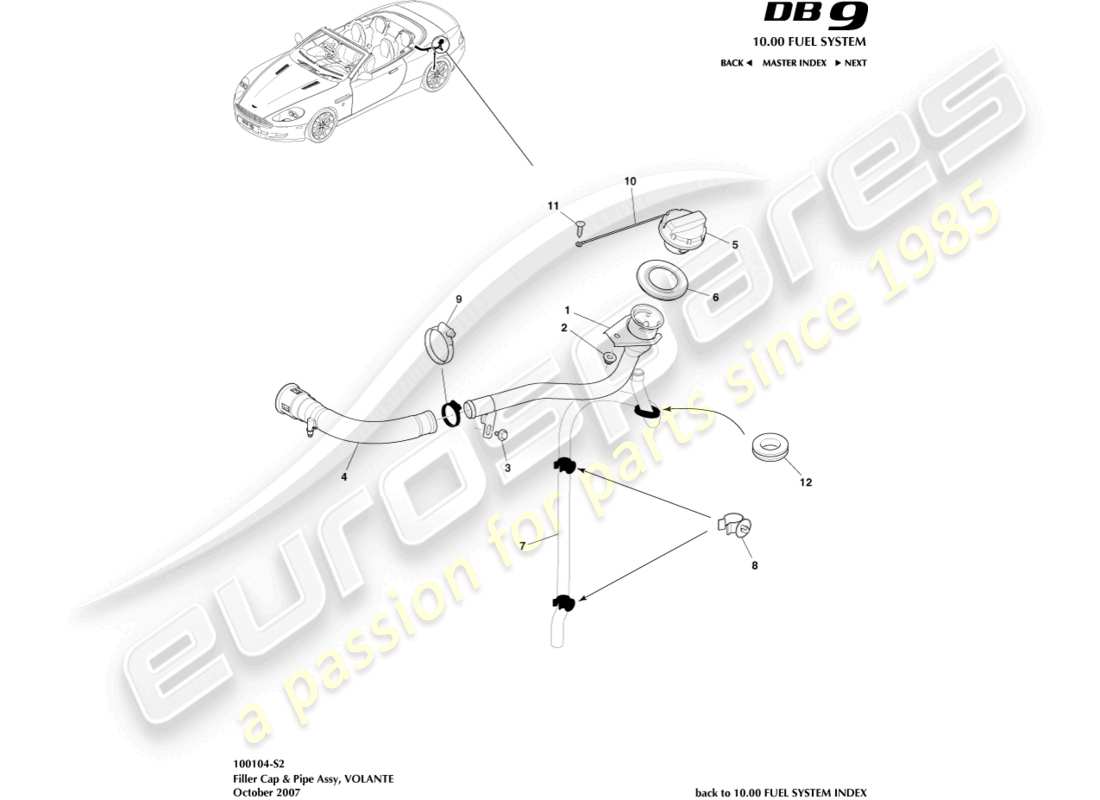 aston martin db9 (2012) fuel filler cap & pipe, volante part diagram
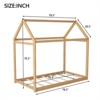 RISOKEYS Twin Size Wooden House Bed - Floor Bed with Wood Slats, House Floor Twin Bed Frame for Girls & Boys, No Box Spring Needed - Wood - 3 of 4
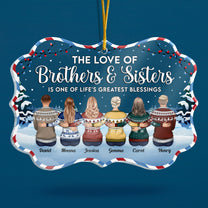 The Love Of Brothers & Sisters Is Forever - Personalized Acrylic Ornament - Christmas, Loving Gift For Family, Brothers, Sisters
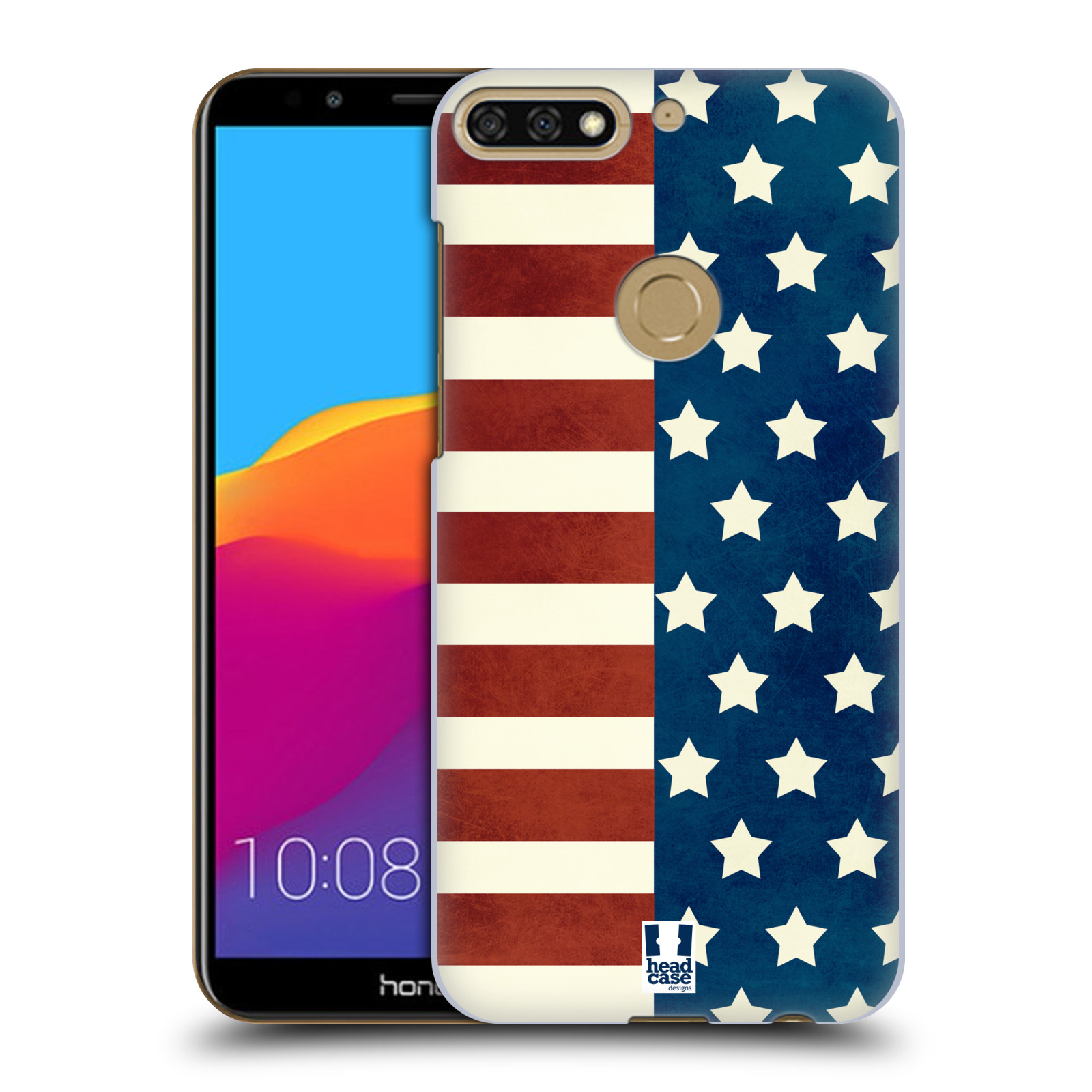 HEAD CASE plastový obal na mobil Honor 7c vzor USA VLAJKA HVĚZDY A PRUHY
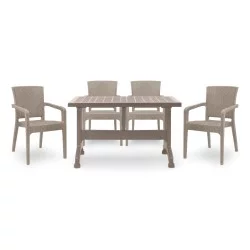Σετ τραπεζαρία κήπου Callan  5τμχ πολυπροπυλενίου τραπέζι 140x70 - πολυθρόνα recycled χρώμα cappuccino S_GP046-0003,2+GP046-0001,3x4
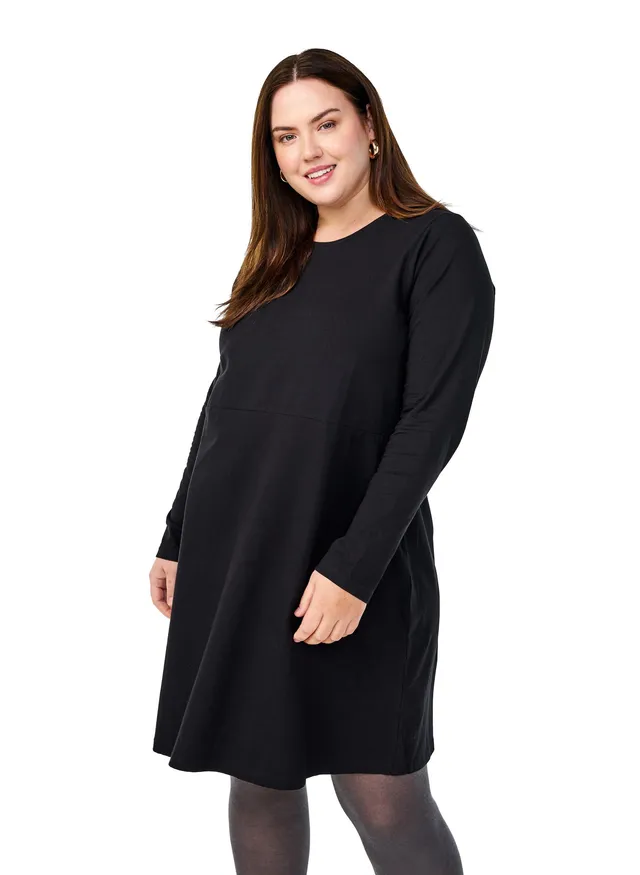 Zizzi Kleid A-Linie Langarm Baumwolle Gr.42-60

==============================

* Assignment
Write out again, word for word, only the lines from the one with "Σετ τραπεζαρία κήπου" through the last line of the material, and omit each picture.

* Solution to the exercise
Σετ τραπεζαρία κήπου Callan  5τμχ πολυπροπυλενίου τραπέζι 140x70 - πολυθρόνα recycled χρώμα cappuccino S_GP046-0003,2+GP046-0001,3x4
 Zizzi Kleid A-Linie Langarm Baumwolle Gr.42-60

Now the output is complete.